Their company, Aonami, is emerging as one of the most compelling early-stage infrastructure startups in the region. It doesn't promise to automate a single function. It offers a way to orchestrate work itself. From manual tasks and APIs to human approvals and AI decisions, Aonami's platform brings operational control back into one intelligent, unified layer.
At the helm are Jayesh Rout and Pratik Kumar, both 25, with a track record that belies their age. The two have been a part of this industry, and have learnt from the challenges they have seen firsthand.
At an age where many prioritize stability, comfort, or career acceleration, Jayesh and Pratik chose something else. They stepped away from proven paths to build the kind of system they wished they had. A leap of ambition over convenience, something our youth needs to do way more compared to today.
Aonami is being talked about not just for what it's building, but for how and where it's being built. In an industry where foundational enterprise platforms are often born in the West, Aonami is taking shape in India. It is led by two young founders with hands-on experience in real financial trenches.
But there's more to it.
Much of the attention surrounding Aonami reflects something bigger. The growing boldness and ambition of a new India, especially in technology. No longer limited to execution or outsourcing, Indian founders are now defining entirely new categories of enterprise software. Jayesh and Pratik represent that shift. A generation not afraid to take on deeply technical problems and reimagine what global infrastructure can look like.
As banks race to modernize under tighter compliance rules and real-time customer expectations, Aonami is stepping in with the missing layer of control. It's more than a promising startup. it's execution can make it a gold standard for faster and cleaner launches of business verticals.
"The future of enterprise execution needs to feel like flying a modern cockpit. Intelligent, responsive, and deeply aware," says co-founder Jayesh Rout, who leads product, and strategy, at Aonami. It's this belief that he says will be transformational for the way people work.
Pratik Kumar, who drives business, operations and strategy, complements that vision with strong go-to-market instinct and operational discipline. He is widely regarded by peers as a founder who can take complex, technical narratives and translate them into sharp value for enterprise buyers.
BFSI Is Just the Start
The company is currently focused on BFSI, where the need for operational clarity is highest and the tolerance for error is lowest. But observers note that Aonami's architecture could naturally extend to other complex industries like healthcare, logistics, or compliance-heavy tech.
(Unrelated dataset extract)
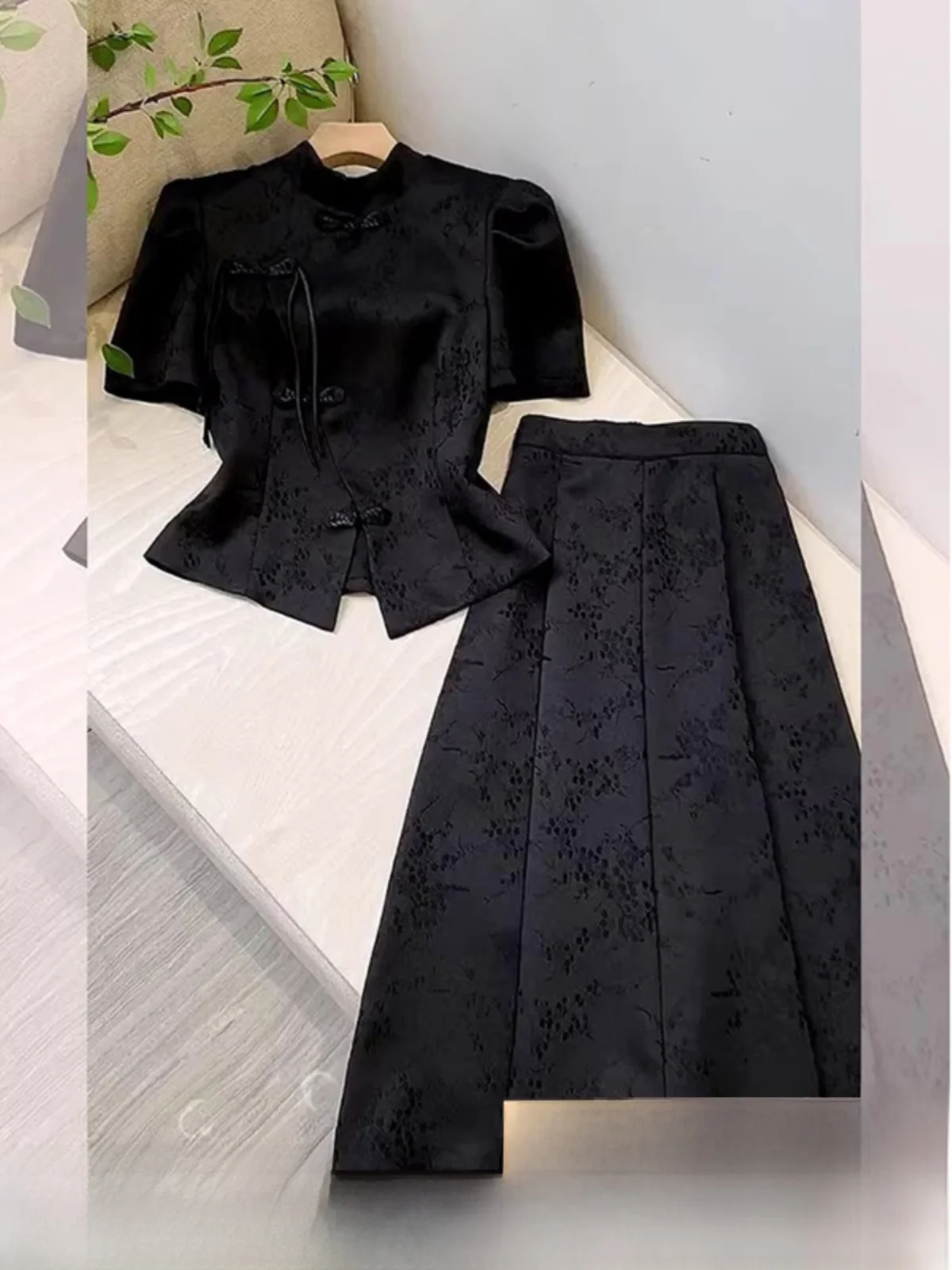 Fashionable New Chinese Style Two-Piece Set Spring Summer 2026 Women's Top Half-Skirt Ensemble Cotton T-Shirt Casual Wear
Fashionable New Chinese Style Two-Piece Set Spring Summer 2026 Women's Top Half-Skirt Ensemble Cotton T-Shirt Casual Wear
One founder in the space commented, "If they get banking right, this will become the execution fabric for every ops-heavy enterprise."
What Makes Aonami Stand Out
- Powerful orchestration -- APIs, AI, and humans in sync
- Real-time control -- SLAs, alerts, and overrides in one layer
- Process-specific depth -- owing to industry first approach and tailored to fit with promise of launching in record times
- Developer-first design -- Modular, programmable, and enterprise-ready
Early engagements are already delivering measurable reductions in operational delays, engineering overhead, and coordination chaos.
A Signal of What's Coming
That something this foundational is being built by two 25-year-old founders in India is a signal in itself.
Jayesh and Pratik aren't building another tool or dashboard. They're rebuilding the invisible machinery that powers how large organizations operate. And they're doing it with a quiet confidence that's beginning to draw attention from BFSI leaders, early customers, and global investors alike.
Aonami is still early. But what's clear is this. The next generation of infrastructure won't just be global. It will be shaped by young builders like Jayesh and Pratik who've seen the cracks up close and are bold enough to reimagine what sits beneath it all.